**Directions**
Search the entries for the word "floors" and report each line that has it.

= = = = = = =

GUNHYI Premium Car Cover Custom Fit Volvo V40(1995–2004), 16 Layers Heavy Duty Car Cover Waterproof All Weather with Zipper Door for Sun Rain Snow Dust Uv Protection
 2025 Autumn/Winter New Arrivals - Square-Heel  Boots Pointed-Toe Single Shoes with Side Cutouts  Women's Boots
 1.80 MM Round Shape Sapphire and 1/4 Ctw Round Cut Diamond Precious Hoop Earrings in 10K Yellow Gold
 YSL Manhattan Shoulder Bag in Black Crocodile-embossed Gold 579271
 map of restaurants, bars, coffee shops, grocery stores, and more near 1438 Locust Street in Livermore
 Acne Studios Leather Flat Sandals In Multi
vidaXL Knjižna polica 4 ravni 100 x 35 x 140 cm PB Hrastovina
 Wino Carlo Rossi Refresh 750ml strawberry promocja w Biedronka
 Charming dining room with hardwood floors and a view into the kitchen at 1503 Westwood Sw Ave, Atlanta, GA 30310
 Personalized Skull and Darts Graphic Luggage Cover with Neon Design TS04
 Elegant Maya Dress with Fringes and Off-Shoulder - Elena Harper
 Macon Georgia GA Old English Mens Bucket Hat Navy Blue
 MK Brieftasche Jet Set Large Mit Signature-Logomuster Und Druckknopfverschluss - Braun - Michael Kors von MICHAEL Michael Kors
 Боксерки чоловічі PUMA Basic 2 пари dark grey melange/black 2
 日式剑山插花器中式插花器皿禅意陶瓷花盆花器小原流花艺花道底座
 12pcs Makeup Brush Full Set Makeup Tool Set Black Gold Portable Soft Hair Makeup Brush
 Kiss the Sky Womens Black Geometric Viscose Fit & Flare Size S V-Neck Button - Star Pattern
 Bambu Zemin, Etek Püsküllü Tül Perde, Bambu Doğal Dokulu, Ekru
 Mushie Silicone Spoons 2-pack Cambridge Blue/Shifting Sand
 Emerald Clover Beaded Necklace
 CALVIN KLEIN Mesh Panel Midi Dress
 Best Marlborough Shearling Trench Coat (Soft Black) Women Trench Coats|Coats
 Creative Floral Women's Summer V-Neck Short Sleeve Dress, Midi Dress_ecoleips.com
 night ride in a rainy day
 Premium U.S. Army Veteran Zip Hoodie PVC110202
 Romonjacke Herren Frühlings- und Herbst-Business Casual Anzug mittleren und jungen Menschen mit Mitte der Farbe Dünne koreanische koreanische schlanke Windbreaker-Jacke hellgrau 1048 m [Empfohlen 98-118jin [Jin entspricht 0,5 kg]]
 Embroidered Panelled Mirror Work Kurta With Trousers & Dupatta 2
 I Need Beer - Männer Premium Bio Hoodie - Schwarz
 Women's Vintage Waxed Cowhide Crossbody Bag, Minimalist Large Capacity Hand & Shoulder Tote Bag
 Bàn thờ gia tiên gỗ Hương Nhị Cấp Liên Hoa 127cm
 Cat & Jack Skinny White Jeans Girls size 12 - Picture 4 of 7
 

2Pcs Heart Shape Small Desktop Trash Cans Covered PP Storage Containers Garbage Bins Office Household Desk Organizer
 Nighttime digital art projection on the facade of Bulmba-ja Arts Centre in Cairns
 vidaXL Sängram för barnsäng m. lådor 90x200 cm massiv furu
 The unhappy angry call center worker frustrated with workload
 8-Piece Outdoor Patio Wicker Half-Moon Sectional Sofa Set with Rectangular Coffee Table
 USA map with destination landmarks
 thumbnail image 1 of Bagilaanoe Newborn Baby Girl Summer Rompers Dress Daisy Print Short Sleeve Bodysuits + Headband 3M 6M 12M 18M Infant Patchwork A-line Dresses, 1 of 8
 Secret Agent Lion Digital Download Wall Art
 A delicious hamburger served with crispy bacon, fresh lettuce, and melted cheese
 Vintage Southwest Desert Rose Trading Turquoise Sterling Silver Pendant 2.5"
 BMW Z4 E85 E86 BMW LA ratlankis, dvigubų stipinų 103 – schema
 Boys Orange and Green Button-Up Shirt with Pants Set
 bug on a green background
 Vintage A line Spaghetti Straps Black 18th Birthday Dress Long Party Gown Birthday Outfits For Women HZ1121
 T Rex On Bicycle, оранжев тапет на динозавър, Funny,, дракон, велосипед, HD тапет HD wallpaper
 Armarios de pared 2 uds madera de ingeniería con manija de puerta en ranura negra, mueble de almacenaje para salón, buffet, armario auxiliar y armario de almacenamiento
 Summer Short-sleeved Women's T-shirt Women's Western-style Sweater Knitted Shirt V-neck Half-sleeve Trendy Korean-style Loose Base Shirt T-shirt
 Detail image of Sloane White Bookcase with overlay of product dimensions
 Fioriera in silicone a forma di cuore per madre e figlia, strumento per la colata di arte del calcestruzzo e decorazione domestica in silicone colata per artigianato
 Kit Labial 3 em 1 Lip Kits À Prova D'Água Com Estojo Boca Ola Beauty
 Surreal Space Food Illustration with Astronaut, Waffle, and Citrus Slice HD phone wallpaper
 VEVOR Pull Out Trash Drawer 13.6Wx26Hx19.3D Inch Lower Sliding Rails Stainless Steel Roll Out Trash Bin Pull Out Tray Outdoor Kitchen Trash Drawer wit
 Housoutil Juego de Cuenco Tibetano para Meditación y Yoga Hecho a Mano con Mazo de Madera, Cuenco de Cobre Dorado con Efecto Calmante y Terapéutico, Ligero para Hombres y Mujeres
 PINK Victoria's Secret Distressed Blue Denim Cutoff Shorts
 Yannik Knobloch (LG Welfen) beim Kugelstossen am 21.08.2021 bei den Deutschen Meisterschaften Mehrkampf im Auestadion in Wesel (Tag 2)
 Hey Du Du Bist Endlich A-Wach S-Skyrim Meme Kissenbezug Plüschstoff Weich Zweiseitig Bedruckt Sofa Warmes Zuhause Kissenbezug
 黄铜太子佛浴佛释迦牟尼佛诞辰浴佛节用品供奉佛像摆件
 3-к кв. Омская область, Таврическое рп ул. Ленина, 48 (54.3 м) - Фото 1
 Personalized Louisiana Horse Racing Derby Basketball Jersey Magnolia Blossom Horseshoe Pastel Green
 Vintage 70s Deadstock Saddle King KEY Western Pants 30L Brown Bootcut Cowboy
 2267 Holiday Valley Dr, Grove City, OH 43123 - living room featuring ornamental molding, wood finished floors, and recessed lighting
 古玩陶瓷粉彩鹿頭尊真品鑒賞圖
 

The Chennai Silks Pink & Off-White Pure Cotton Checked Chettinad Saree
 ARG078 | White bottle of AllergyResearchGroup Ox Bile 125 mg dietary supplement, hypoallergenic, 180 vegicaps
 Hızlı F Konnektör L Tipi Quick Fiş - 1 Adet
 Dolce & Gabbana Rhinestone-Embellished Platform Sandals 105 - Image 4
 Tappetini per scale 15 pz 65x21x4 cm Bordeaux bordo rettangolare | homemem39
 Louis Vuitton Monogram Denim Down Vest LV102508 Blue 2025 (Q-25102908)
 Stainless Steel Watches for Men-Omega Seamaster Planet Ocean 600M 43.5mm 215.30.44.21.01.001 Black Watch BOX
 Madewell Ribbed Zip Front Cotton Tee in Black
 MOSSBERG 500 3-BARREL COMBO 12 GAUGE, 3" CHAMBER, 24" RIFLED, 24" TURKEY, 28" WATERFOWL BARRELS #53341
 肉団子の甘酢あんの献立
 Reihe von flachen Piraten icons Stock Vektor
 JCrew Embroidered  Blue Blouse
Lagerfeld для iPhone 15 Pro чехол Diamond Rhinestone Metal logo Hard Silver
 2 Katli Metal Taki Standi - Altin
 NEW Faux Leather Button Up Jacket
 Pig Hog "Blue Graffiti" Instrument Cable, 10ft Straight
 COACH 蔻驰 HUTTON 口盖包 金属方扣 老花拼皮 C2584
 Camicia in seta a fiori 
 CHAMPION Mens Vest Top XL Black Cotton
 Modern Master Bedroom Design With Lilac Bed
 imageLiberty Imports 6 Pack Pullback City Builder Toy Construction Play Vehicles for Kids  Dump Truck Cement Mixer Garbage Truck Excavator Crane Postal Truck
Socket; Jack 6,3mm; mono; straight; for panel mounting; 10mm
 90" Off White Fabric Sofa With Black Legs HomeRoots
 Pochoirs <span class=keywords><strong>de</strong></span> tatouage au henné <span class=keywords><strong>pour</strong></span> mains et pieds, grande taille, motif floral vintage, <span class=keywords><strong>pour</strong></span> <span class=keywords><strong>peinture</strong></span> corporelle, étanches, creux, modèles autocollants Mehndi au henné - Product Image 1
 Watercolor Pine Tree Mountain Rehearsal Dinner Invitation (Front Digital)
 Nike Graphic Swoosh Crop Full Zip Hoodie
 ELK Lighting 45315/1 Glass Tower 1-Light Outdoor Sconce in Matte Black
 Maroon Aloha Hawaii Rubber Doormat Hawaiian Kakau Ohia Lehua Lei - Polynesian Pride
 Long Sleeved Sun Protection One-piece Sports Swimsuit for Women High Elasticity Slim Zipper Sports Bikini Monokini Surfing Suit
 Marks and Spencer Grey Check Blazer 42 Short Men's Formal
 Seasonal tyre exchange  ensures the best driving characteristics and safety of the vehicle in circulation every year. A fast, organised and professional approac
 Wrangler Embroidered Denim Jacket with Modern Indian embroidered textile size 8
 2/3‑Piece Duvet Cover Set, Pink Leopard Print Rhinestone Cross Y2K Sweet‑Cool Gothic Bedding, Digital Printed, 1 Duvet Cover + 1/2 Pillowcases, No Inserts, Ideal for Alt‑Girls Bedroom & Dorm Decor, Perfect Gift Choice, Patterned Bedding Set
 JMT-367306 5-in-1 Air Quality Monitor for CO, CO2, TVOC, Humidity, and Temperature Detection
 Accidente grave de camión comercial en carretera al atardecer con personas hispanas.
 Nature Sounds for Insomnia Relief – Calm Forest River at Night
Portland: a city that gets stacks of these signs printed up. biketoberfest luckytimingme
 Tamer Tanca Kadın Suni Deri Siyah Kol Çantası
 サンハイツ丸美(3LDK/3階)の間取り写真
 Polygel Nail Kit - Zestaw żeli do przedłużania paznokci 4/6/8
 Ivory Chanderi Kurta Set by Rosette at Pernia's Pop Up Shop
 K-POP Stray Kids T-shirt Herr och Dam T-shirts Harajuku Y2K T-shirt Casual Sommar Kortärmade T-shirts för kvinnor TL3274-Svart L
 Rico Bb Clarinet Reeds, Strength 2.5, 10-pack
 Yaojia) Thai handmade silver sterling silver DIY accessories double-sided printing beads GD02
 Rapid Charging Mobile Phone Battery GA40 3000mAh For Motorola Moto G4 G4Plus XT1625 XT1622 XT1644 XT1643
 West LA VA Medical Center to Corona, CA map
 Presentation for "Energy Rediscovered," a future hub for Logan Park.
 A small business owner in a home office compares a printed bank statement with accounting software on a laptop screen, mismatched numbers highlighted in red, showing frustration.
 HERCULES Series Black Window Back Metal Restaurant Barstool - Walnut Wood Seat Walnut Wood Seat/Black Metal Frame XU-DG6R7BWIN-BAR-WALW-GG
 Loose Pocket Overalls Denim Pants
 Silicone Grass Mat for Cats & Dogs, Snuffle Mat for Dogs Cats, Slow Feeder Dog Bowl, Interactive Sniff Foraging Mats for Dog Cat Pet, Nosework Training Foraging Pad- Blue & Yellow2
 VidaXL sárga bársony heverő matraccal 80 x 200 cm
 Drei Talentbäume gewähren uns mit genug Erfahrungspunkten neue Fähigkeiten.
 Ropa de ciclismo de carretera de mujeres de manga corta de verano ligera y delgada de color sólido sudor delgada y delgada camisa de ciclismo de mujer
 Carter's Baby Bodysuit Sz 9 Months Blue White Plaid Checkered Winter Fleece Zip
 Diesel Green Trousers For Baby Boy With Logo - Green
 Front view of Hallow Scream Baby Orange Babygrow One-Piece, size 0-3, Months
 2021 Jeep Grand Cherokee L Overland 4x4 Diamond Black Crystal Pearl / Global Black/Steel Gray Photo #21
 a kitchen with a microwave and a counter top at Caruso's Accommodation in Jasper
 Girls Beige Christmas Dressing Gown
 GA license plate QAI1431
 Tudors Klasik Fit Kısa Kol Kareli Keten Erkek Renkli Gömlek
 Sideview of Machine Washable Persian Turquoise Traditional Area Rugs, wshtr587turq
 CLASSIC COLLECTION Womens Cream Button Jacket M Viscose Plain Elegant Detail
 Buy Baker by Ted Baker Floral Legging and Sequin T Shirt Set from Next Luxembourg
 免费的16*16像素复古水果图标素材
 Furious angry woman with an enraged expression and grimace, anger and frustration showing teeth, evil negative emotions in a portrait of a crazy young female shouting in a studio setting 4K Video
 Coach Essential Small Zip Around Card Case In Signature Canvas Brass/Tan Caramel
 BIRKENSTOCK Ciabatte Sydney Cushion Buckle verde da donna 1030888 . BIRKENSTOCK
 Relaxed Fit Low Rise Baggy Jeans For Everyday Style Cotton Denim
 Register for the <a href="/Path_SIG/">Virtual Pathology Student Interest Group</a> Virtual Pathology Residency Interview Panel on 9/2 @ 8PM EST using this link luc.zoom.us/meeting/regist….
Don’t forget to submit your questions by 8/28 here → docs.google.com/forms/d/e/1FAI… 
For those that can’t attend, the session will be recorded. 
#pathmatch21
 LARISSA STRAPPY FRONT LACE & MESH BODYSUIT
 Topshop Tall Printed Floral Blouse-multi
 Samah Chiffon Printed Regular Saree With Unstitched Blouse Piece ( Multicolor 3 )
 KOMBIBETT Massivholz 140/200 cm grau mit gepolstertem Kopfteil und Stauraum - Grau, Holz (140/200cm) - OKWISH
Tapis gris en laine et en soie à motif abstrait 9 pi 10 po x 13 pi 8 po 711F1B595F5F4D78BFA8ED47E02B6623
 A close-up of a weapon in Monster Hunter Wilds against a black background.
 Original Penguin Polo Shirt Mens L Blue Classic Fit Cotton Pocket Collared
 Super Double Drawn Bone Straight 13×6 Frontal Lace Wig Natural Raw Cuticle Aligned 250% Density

= = = = = = =

**Answer to the exercise**
 Charming dining room with hardwood floors and a view into the kitchen at 1503 Westwood Sw Ave, Atlanta, GA 30310
 2267 Holiday Valley Dr, Grove City, OH 43123 - living room featuring ornamental molding, wood finished floors, and recessed lighting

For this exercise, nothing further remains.